Interestingly, although MUFR–RT slopes were different between boys and men, the mean MUFR was not. The apparent discrepancy may be explained by the fact that boys recruited more MUs earlier in the contraction and within a smaller recruitment threshold range compared with men. In accordance with the onion skin principle, MUs recruited early in the recruitment range are characterized by high MUFRs (DeLuca and Contessa 2012; DeLuca and Erim 1994; DeLuca and Hostage 2010). The mean RT range was significantly greater in men (~ 1.8–47.7%MVIC), compared with boys (~ 3.1–39.7%MVIC) (Table 3). Additionally, boys demonstrated an asymmetrical distribution of MU recruitment, where more MUs were recruited earlier in the contraction (Fig. 2, Table 5). For example, by ~ 20%MVIC, boys had already recruited ~ 60% of their MUs, whereas the men reached this level of recruitment only at ~ 30%MVIC. These differences in MU recruitment patterns between groups suggest that boys rely on their lower threshold MUs to a greater extent compared with men in order to attain the target force. This suggestion is supported by findings in younger and older rats (1, 2 and 9 months), where twitch and muscle characteristics were found to change with development. Dobrzynska and Celichowski (2016) observed that the twitch-to-tetnus ratio of all MU types was greater in younger compared with older rats.
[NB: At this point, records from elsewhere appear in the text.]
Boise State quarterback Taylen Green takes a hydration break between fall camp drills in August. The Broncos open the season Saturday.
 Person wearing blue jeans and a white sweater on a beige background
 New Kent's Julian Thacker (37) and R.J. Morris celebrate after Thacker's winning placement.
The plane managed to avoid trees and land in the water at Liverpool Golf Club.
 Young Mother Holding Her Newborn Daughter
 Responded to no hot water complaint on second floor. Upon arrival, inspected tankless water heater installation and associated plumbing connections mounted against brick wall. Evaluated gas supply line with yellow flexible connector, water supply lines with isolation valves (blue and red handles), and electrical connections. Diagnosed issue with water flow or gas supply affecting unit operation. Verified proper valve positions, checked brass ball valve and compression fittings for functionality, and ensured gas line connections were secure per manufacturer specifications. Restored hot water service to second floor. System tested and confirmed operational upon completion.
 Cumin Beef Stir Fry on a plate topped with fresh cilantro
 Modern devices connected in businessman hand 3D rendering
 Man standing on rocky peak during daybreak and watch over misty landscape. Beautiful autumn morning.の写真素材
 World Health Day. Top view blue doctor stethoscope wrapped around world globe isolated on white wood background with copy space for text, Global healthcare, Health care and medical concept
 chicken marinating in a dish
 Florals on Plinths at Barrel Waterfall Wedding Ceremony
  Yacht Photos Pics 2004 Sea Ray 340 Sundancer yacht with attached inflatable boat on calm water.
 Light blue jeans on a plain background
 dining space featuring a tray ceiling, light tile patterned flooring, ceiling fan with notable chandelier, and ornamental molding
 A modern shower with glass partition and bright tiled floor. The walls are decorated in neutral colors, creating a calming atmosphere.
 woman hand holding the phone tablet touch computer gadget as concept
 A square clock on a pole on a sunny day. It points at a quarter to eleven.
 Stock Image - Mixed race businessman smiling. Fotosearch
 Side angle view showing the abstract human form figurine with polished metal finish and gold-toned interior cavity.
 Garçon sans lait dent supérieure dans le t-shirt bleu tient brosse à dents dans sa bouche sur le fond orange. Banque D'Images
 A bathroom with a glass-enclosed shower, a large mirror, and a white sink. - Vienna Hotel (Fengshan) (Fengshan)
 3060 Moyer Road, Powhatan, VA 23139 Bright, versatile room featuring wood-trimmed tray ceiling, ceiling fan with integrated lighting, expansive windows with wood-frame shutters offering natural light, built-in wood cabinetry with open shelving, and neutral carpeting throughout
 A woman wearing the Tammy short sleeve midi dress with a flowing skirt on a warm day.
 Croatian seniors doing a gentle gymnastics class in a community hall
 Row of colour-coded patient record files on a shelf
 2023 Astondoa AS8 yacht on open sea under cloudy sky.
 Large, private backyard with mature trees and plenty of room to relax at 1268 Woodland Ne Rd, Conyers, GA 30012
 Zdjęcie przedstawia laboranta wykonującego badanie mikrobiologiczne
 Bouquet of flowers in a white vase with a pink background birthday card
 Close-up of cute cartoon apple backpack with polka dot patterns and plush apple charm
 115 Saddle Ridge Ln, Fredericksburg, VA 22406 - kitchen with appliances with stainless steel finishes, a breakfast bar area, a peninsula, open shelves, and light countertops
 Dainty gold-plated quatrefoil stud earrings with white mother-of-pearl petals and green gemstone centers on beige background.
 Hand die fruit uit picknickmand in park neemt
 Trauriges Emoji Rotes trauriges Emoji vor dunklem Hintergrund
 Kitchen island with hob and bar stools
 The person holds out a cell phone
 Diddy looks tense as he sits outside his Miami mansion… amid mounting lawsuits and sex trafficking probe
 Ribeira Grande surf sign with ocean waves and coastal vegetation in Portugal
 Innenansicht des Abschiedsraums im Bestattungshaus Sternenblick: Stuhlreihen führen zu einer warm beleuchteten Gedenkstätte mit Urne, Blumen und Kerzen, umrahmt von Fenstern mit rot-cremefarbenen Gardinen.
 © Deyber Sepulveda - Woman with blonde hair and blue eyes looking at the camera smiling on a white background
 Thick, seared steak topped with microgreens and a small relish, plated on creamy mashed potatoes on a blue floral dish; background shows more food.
Additionally, the force–frequency relationship of fast-twitch fibers was observed to shift to the right such that, for example, stimulation frequencies associated with 60% of maximal twitch torque were lower in younger compared with older rats. As the authors indicate, the higher twitch-to-tetanus ratio in the developing animals suggests that changes in MUFR play a smaller role and thus, MU recruitment plays a larger role in force development. These findings may explain the greater recruitment of MUs earlier in the contraction, the smaller recruitment range, as well as the steeper MUFR-RT slope in the boys compared with the men.

Table 5 Number of MUs recruited or identified at progressive ranges of recruitment thresholds or MUAPamp ranges

Differences in MU recruitment between groups may also be related to disparities in torque modulation between boys and men. Despite extensive habituation, boys had more difficulty performing the contraction ramp compared with men (Fig. 4) and displayed lower steadiness during the contraction (Table 2). Lesser torque control during the ramp phase in boys may be related to their greater MU recruitment at a lower %MVIC (RT).

Fig. 4
figure 4

Examples of 70%MVIC trapezoid contractions performed by one boy (left) and one man (right). The target torque is presented by the red line, while the green line reflects the observed torque

The mechanisms underlying differences in MUFR and recruitment patterns between boys and men are unclear but may be related to the development of the central nervous system. Koh and Eyre (1988) suggested that the maturation of intraneuronal synaptic connections was responsible for lower motor evoked potential latency with increasing age. Indeed, using MRI, it has been observed that between the ages of 8 and 12 years, the nervous tissue undergoes myelination and pruning process to make synaptic connections more efficient (Giedd et al. 1999; Groeschel et al. 2010; Huttenlocher and Dabholkar 1997; Pfefferbaum et al. 1994). While it is unknown whether such developmental changes are related to the observed age-related differences in MUFRs, a possible association between cortical synaptic connectivity and differences in MU recruitment strategy should be considered in future studies.

Limitations

Due to differences in muscle size between boys and men, it is likely that the volume of muscle that was captured by the sEMG sensor was greater in boys compared with men. However, despite these differences in conduction volume, a similar number of motor units was detected in both groups.

Conclusions

Despite similar mean MUFRs in boys and men, the pattern of MUFRs used to modulate torque during submaximal wrist flexion differed between groups. Specifically, boys demonstrated a greater decrease in MUFR with increasing RT. They recruited more MUs earlier in the contraction and their recruitment range was smaller compared with men. It is possible that the boy’s pattern of MU discharge, specifically their steeper MUFR–RT slope, may be related to recruitment compression.